Mèze : 220 paysans du monde entier réunis pour échanger sur les enjeux de la biodiversité cultivée

Le grenadier a été l'un des premiers arbres à être cultivé par l'homme, en Perse - novembre 2019 / © MaxPPP - R. Ben-Ari/C. Eye
Le grenadier a été l'un des premiers arbres à être cultivé par l'homme, en Perse - novembre 2019 / © MaxPPP - R. Ben-Ari/C. Eye

Paysans, jardiniers et artisans venus du monde entier se retrouvent ce week-end pour les rencontres internationales des semences paysannes.
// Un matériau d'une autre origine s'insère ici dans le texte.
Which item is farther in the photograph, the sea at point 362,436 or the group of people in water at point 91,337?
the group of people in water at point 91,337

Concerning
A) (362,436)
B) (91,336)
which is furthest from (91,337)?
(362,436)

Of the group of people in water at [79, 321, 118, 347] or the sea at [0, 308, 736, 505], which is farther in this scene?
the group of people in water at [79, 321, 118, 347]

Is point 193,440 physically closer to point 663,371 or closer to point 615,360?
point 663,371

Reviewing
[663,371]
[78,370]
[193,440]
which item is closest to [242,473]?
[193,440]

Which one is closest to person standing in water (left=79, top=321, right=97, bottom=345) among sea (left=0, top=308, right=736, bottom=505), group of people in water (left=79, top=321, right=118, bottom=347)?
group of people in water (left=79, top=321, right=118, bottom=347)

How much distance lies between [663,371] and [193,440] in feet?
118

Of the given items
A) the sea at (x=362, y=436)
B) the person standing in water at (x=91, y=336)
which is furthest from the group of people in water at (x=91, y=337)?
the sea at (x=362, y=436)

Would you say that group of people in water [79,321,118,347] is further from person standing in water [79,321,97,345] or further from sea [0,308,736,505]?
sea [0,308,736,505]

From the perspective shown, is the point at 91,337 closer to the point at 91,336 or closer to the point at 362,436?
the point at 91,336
Samedi 9 novembre, l’évènement est ouvert au public, l’occasion de rencontrer de nombreux passionnés.

Par I. Bris et C. Nowak

"Sème ta résistance", c'est le slogan donné aux rencontres internationales des semences paysannes qui se tiennent jusqu'à dimanche à Mèze. Organisé par le Réseau Semences Paysannes, l'évènement rassemble 220 paysans du monde entier venus échanger sur leurs pratiques et les enjeux de la biodiversité cultivée. Une thématique chère à Raphaël Colicci, collecteur du vivant. 

Un échange de connaissances... 


Amandiers, figuiers, péchers, kakis mais surtour grenadiers, Raphaël est un passionné. Dans son conservatoire, il possède, 120 espèces de grenade, réputée pour ses nombreuses vertus thérapeutiques. 
 
 

Chaque variété  a des arômes différents.Une de mes préférées vient d'Azerbaïdjan. Les grains sont merveilleux, et on s'aperçoit de plus en plus que cela peut aider à prévenir le cancer du sein et de la prostate, explique Raphaël Colicci. 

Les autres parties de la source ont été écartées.